The DGA, he said, also has “for many years issued highly publicized diversity and inclusion reports, holding a mirror to the industry in bringing attention to the employers’ hiring records. In fact, our next report will be coming out very soon. And while we’ve seen progress in some areas, the same cannot be said with respect to Latinx directors, who continue to be severely underrepresented, as well as Asian directors, whose numbers have not increased. We’ve also developed our own diversity programs and membership initiatives within the DGA, focused on career development so that our members have the tools and resources they need to turn opportunities into ongoing, sustainable careers.”
The DPE’s policy agenda items, Hollander said, “are critical to our continued work, individually and collectively, to improve diversity, equity and inclusion in the industry.”
IATSE’s Loeb said: “We have made diversity, equity and inclusion a major priority. We’re fully committed to seeing this through and have taken action, of late, to be fair and to be equal and to show compassion – to make inclusion something that is expected.”

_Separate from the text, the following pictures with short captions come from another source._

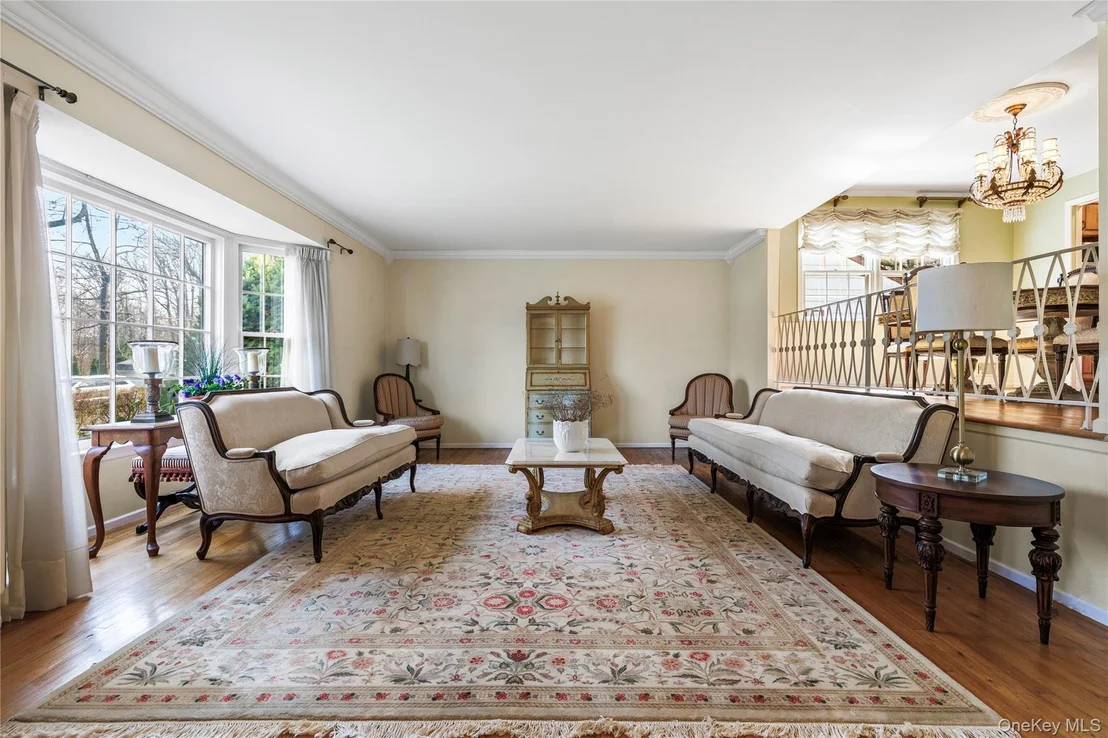 Photo of 14 Loewen Court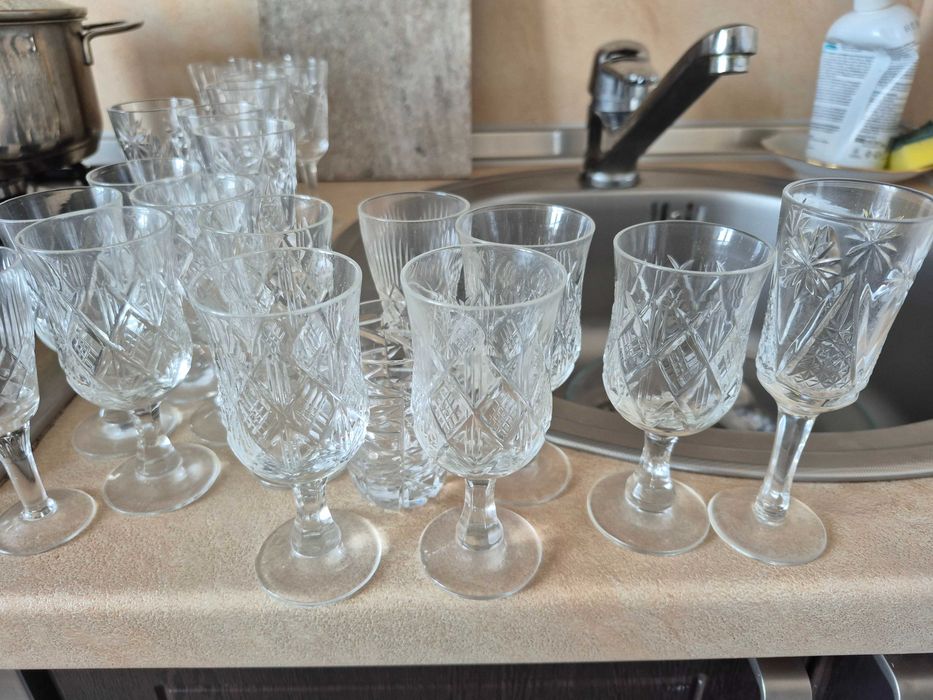 Келихи різного формату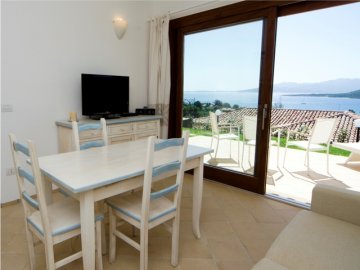 sardinie - vakantiehuis noord sardinia aan zee - resort palau (8).jpg
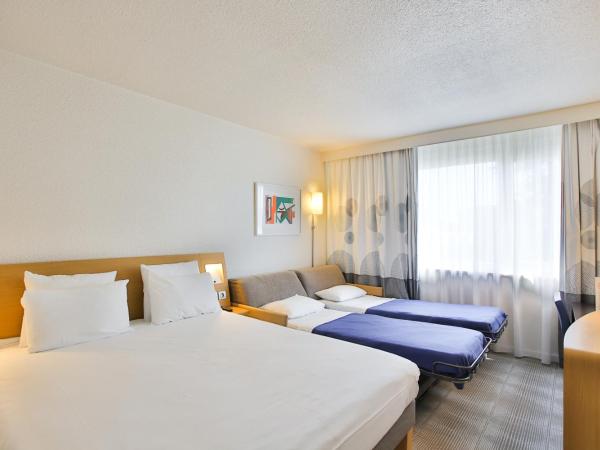 Novotel Toulouse Purpan Aéroport : photo 5 de la chambre chambre double classique avec canapé-lit double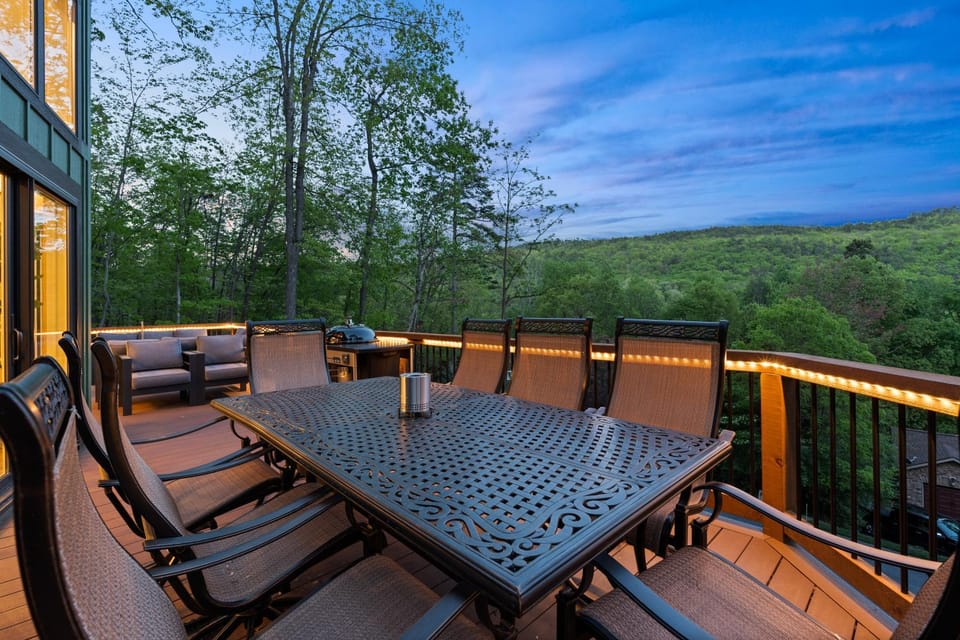 Emerald Escape - Managed by Gr8Escapes House in Massanutten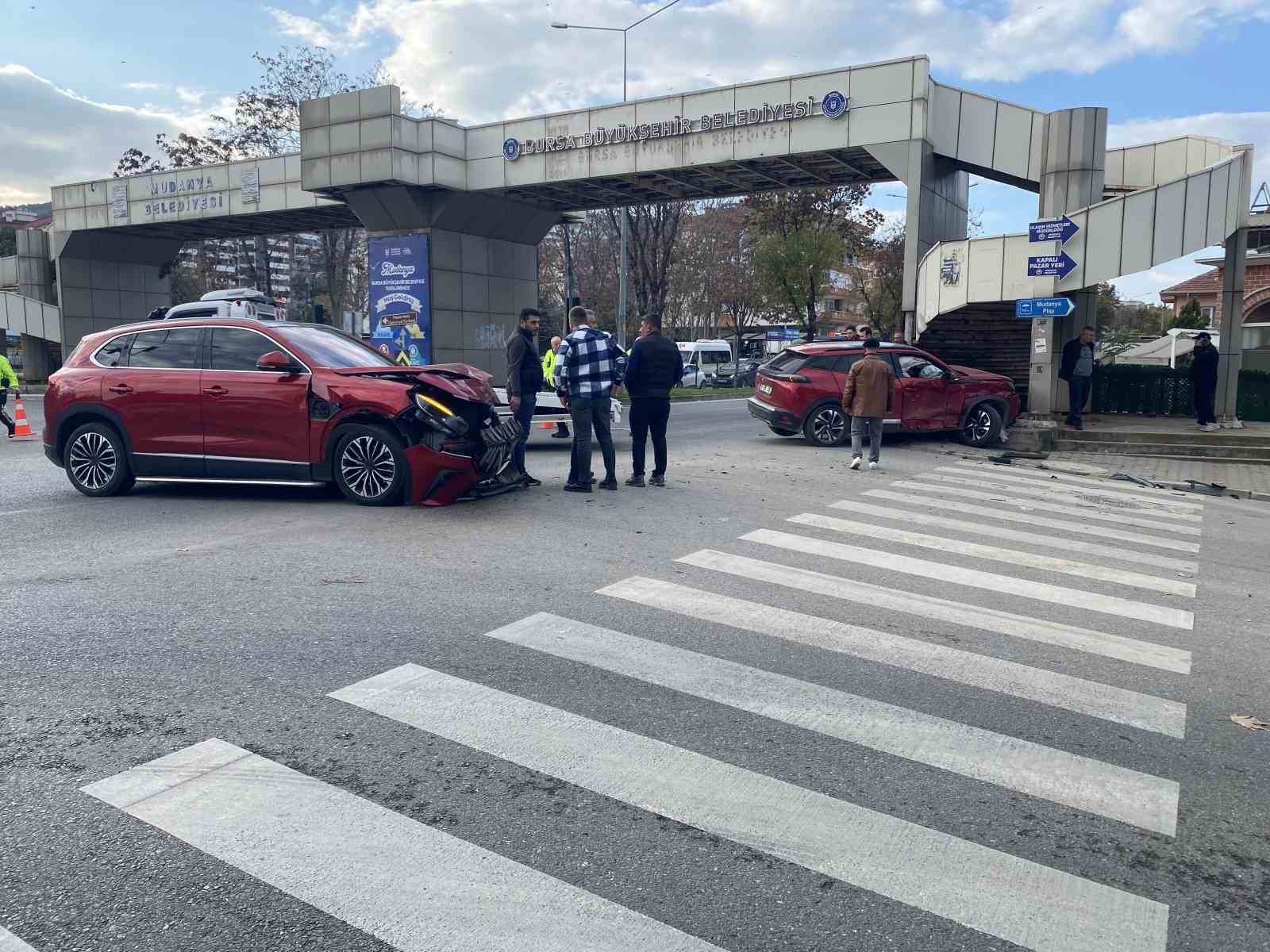 Bursa’da kavşakta feci kaza: 5 yaralı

“At the Writers Guild of America, East,” Peterson said, “we believe that the lack of diversity in the ranks of professional writers stems, not from a lack of talent, but from a lack of opportunity. We have built programs to ensure that historically underrepresented writers – women, BIPOC writers, and more – not only have the opportunity to develop skills but more importantly the opportunity to gain access to industry decision-makers. This is the basic orientation of our many mentorship, skills-training, and networking programs. Our programs are also about power – building the power of our members, developing diverse leaders in our union and in the industry who can exercise power to make real change. We also believe that the key players – industry, government, and we ourselves – must take concrete action. With the support of all of our sister unions, and working hand in hand with the DGA, the WGAE won a tax credit in the state of New York that will provide a real incentive for studios and networks to hire women and people of color to write and direct television in the state. The equity and inclusion work we do, and the programs we ask the government to undertake, are essential not only as a matter of social justice but also to the long-term survival of the arts and entertainment industries and the good union jobs they create. Audiences want stories that reflect their own experiences and perspectives. We are fully committed to making that happen.”